Above are the quality results. We can see a large spike at quality 96 indicating that the vast majority of images were compressed at this quality. 96 is very high, and wouldn’t noticeably effect the images. Interesting things to note here are the small proportion of very low quality (generally less than 10) images in the training set, these images would be almost completely destroyed by compression. Also note the sparsity of the validation set, where the training set covers a wide range of diverse qualities (albeit in small proportion), these are not generally represented in the validation set.
Here’s an example of a quality 3 image from the training set.
Note how it’s only somewhat recognizable and the colors are largely missing.
One thing that immediately stands out to me is that ImageNet seems to have been assembled from several very different sources, kind of like the Frankenstein’s monster of datasets. There was clearly a source that was assembled with great care for the compression settings, changing the defaults to quality 96 and 4:4:4 subsampling and using 500 by 500 images. Then there are some others which seem to lack that kind of intentional design but which are present in enough numbers that they appear to be related in someway. This may have been supplemented with single images from various sources which would explain some of the outliers. This can likely be corroborated by someone who knows the history of the dataset.
We can actually visualize this graphically. To do this, I stored the compression settings as 4D vectors (chroma subsampling type, width, height, quality) and projected them into 2D using UMAP . I computed this on the training set and I used only 10% of the images with a width or height of 500 since those tend to dominate the signal otherwise. Here’s what that looks like, after I colored in some very clear clusters:
Examining these clusters gives us an idea of why they are grouped together. The orange cluster contains only size 500 by 375 images compressed at quality 96 and with 4:4:4 chroma subsampling. The green cluster contains 375 by 500 images (transposed of the orange cluster), with otherwise the same settings. The red cluster is again the same, but with 333 by 500 images.
Next let’s color the points by chroma subsampling scheme
We get a nice, clear, separation on this one. Yellow points are 4:2:0 and purple points are 4:4:4, the rest are in between. A cluster of 4:2:2 (blue) shows up on the left hand side, looking back at the original plot above, this cluster sticks out a little more now that we’ve identified it.
Coloring the points by quality gives another interesting result
We can see lower qualities heavily represented on the lower right. This is the same region that 4:2:0 chroma subsampling was featured prominently.

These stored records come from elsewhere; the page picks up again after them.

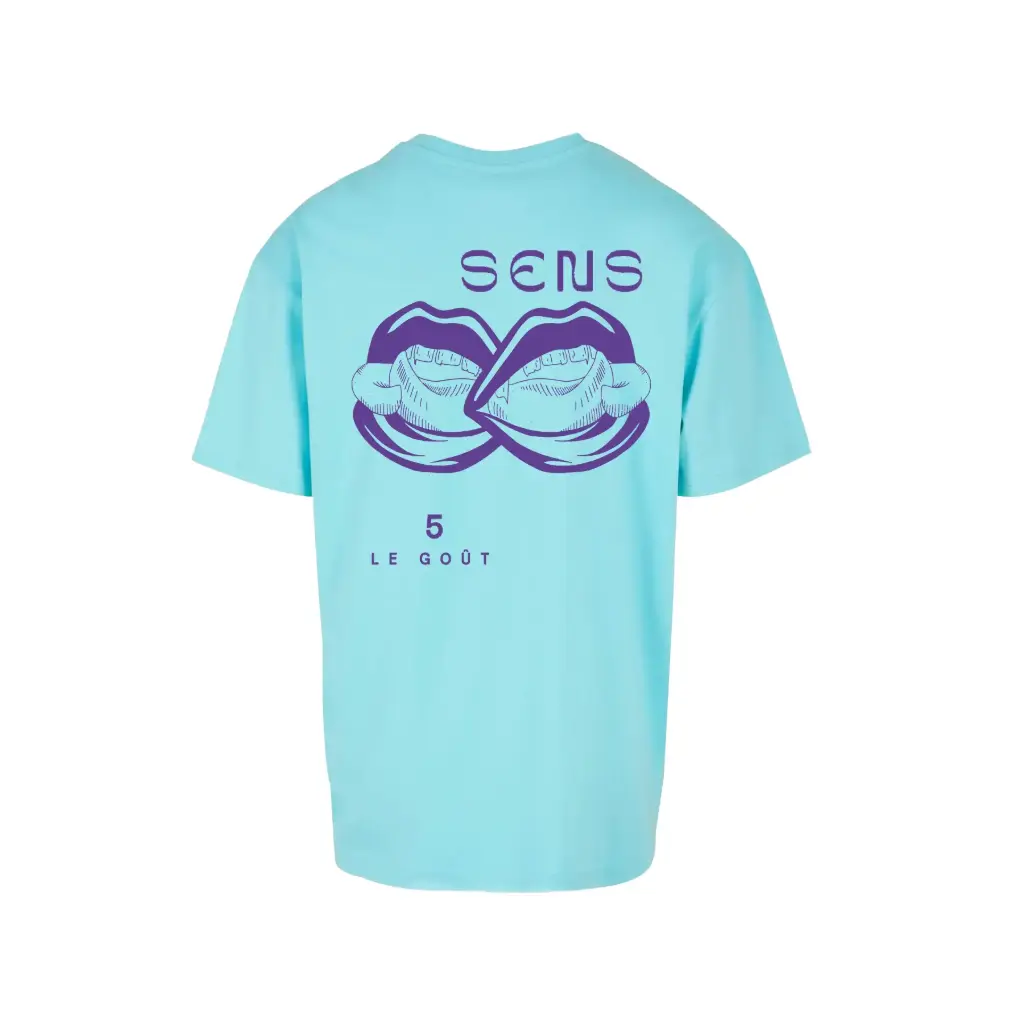 T-shirt GOÛT  (S)
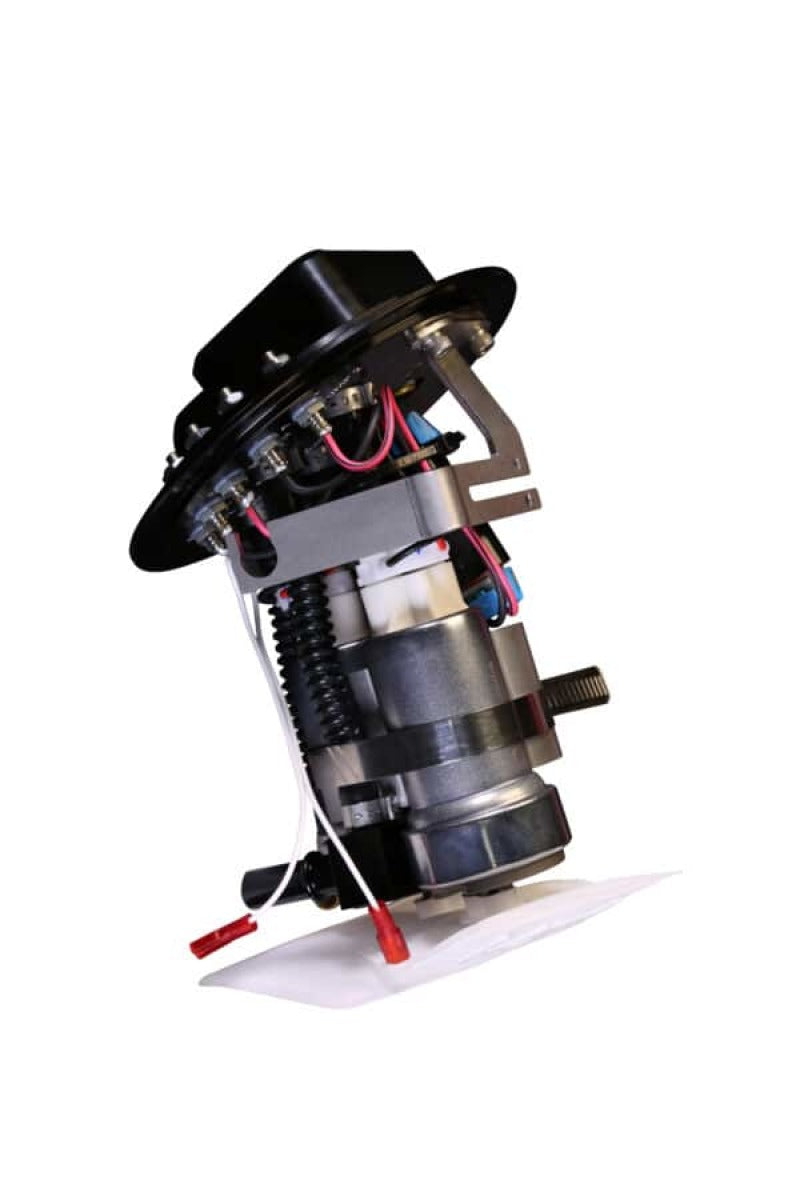 Aeromotive 15-21 Dodge Hellcat 450 Triple Fuel Pumps - Burkken Auto Parts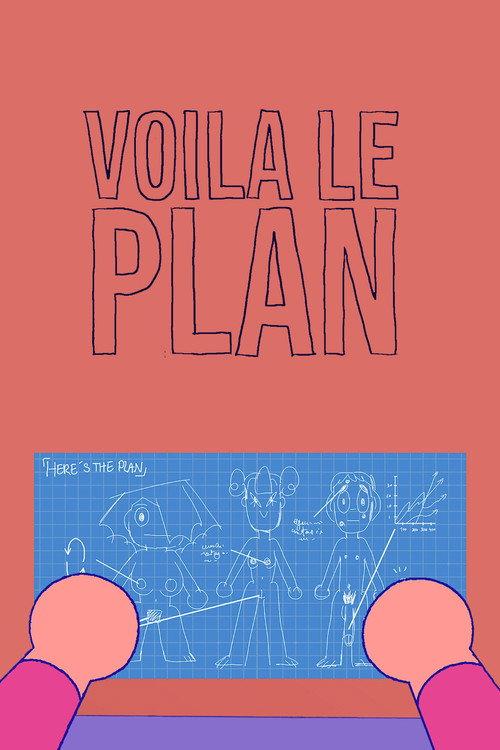 Voila le plan backdrop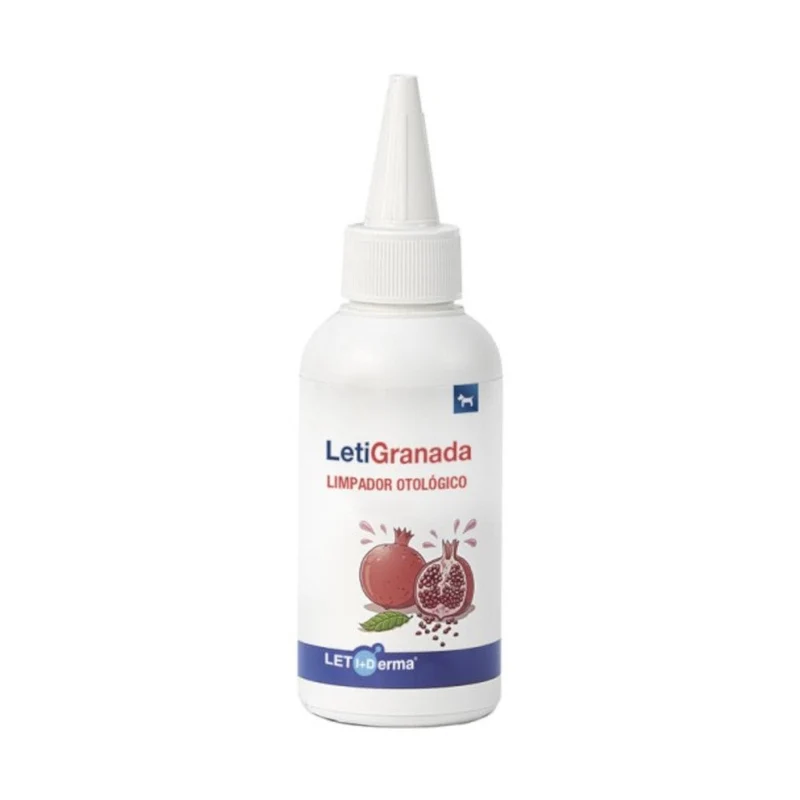Leti Letigranada Limpiador Otologico 125 ml
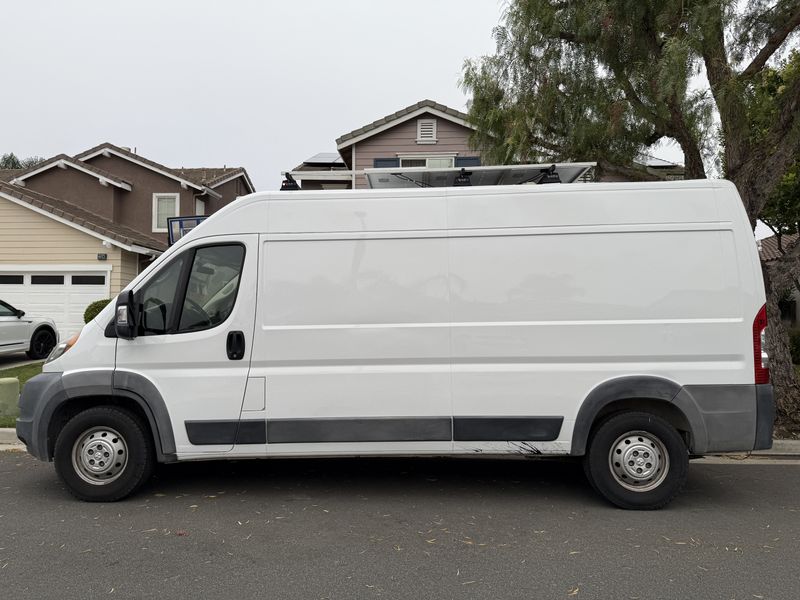 Picture 1/21 of a Converted 2018 RAM Promaster for sale in Murrieta, California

If I had to guess based on these plots, I would say that the smaller clusters on the left hand side represent some initial sources of data. They have similar parameters, differ only in their dimensions, and are small in number. Around them on the left hand side are images which were gathered from other sources but with similar parameters. The right hand side represents a large departure in the method of data collection, with very different parameters represented. Take this with a grain of salt, because projection techniques like UMAP are not guaranteed to perfectly model the space, and this is just my speculation.